As he sees it, his charge of the NAC is “almost a sacred responsibility to provide an enriching experience of the performing arts that gives the opportunity for profound reflection and regeneration. From the day the doors of the NAC opened, creating, producing and presenting the best and most exciting performing arts from across the country has been at its core. It also brings to Canadian audiences in the capital, some of the most interesting arts happening around the world and also helps Canadian artists tour.”

“In some cases,” he adds, “audiences can be profoundly moved and even changed by the experience, whether it’s ballet, music, theatre or a singer-songwriter. People all find their own way in the performing arts to appeal to a multitude of tastes.”

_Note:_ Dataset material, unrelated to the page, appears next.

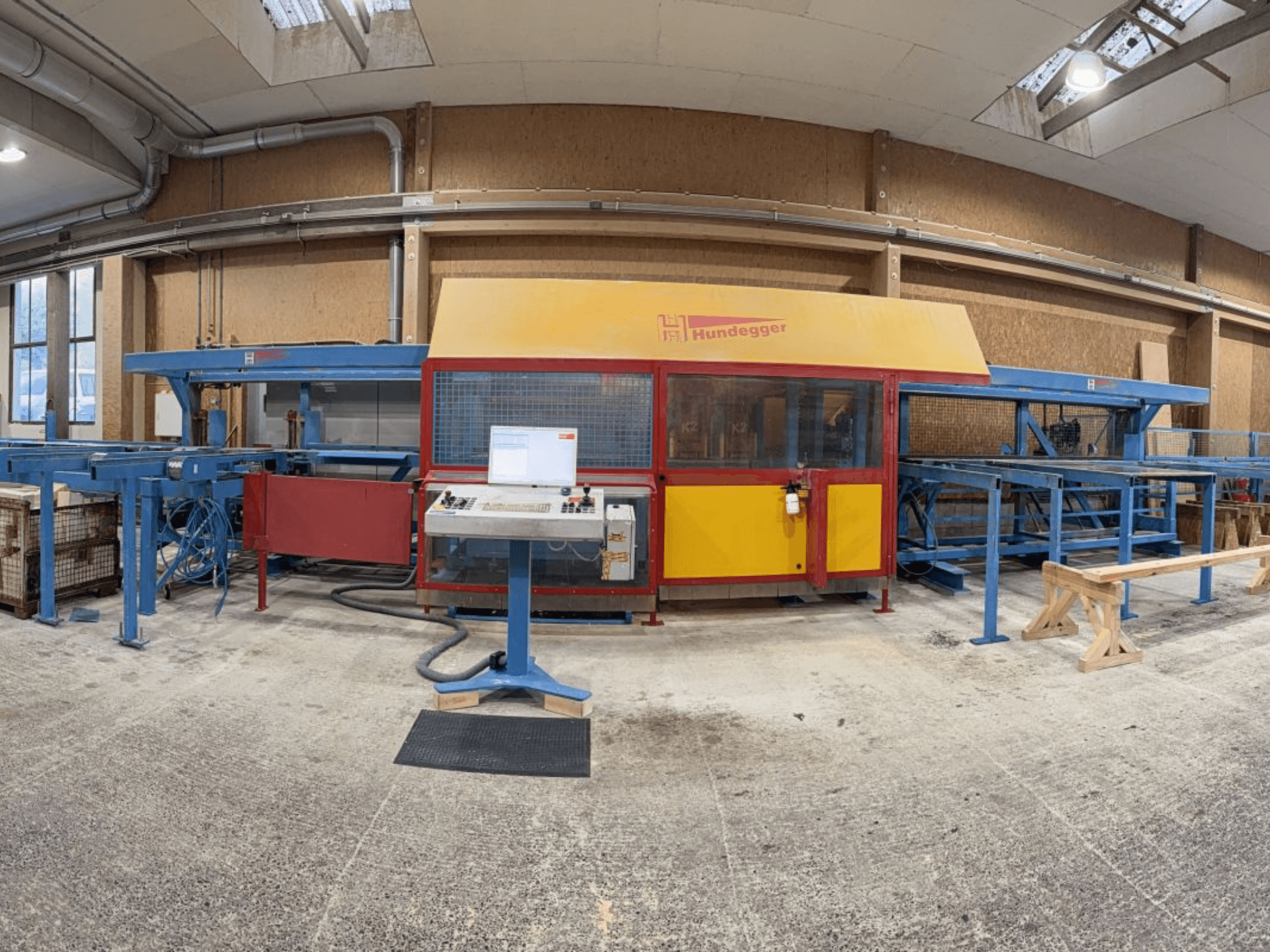 Vista frontal da linha completa de produção de madeira HUNDEGGER K2-4-450, com painel de controlo e sistema de transporte.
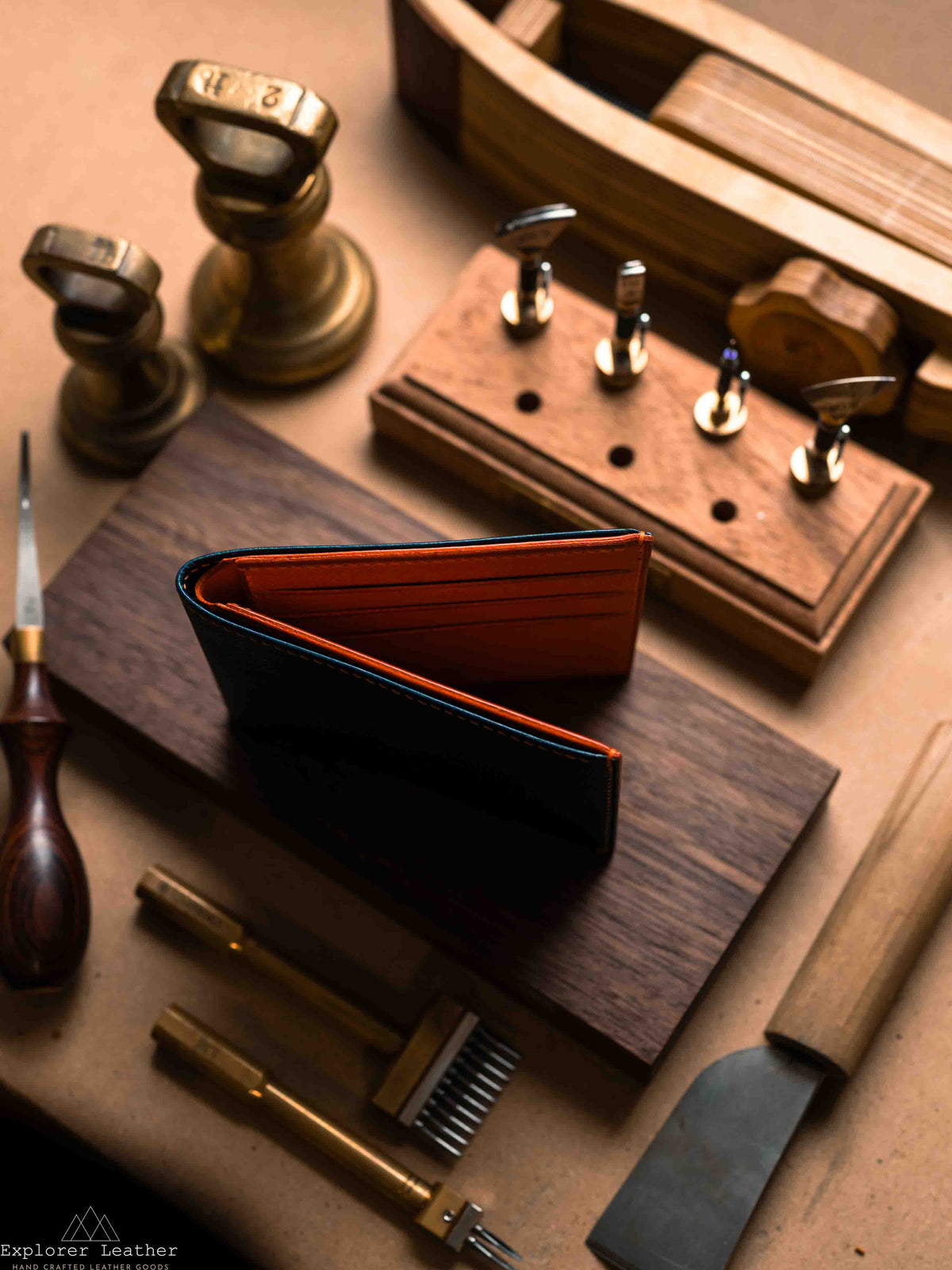 Side profile of navy bifold wallet with orange interior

“Having said that,” he continues, “I see my piece in the chronology of leadership as being vitally important that the NAC engage a wider, more diverse and younger range of audience members. It’s not a question of commerce. Rather, it’s a question of public service and engaging the whole country in the performing arts. I think that the national centre of the performing arts needs to be a place that is central to the life of the country.”

This, he emphasizes, means bringing-in a broader range of audiences and ensuring that everyone feels welcome and is not intimidated by the grandeur of the building.

“There is still some sense that the NAC is ‘not the kind of place I would go’ [among some groups],” says Christopher. “That’s exactly why we’re excited about the renovation of the building. It’s enabled us to put in a coffee shop through our partnership with Equator Coffee. There’s free Wi-Fi and electrical outlets all around. We have college, university and high school students coming to work at projects here in the afternoons. We are offering free animation programming, such as Toddler Tuesdays. We have painting for seniors and events like the Big Bang Festival. All these things are bringing foot traffic through. People are starting to discover that this is a place where they can hang out. It helps reposition this building as a place for everybody.”

Christopher Deacon
PHOTO: Miv Fournier

He notes that the large number of free events on offer, as well as the wide range of pricing for most performances, opens the way for anyone who wants to attend.

“One of the interesting challenges we have, is not so much the obstacle of price, but the perception of cost,” he says. “In any given year, there are dozens, if not hundreds, of free performances. In addition, we have such programs as live rush [same-day cheap tickets] targeting people under 30 to make that gate wider.”

He goes on to point out that as “the next generation is replenishing and engaging,” the institution will change.

“It’s going to mean that the NAC looks and feels different,” he says. “But an artistic organization is only going to thrive if it is renewing and changing constantly. I believe that we can make the transition more relevant and impactful for younger and more diverse audience members. We can still provide the opportunity for profound engagement in the performing arts for the audience members who have been coming to the NAC almost from the time the building opened.”

He sums up his vision for the future of the NAC by noting that “the fundamental work of creating great performing arts” is a job that is never completed.

“People are writing new songs, creating new ballets, writing new plays all the time and you couldn’t possibly program them all,” says Christopher, who sees a primary part of his mission as inviting a wider community to enjoy all that the NAC has to offer. “What I can do is help the whole institution look towards an engagement with the younger and more diverse population. That is the key thing for me.”

“In a sense, this is the job that my whole career has been preparing for,” he says. “It’s my turn at bat and I want to hit a home run. When I eventually retire, I’d like to be able to say that I used my turn well.”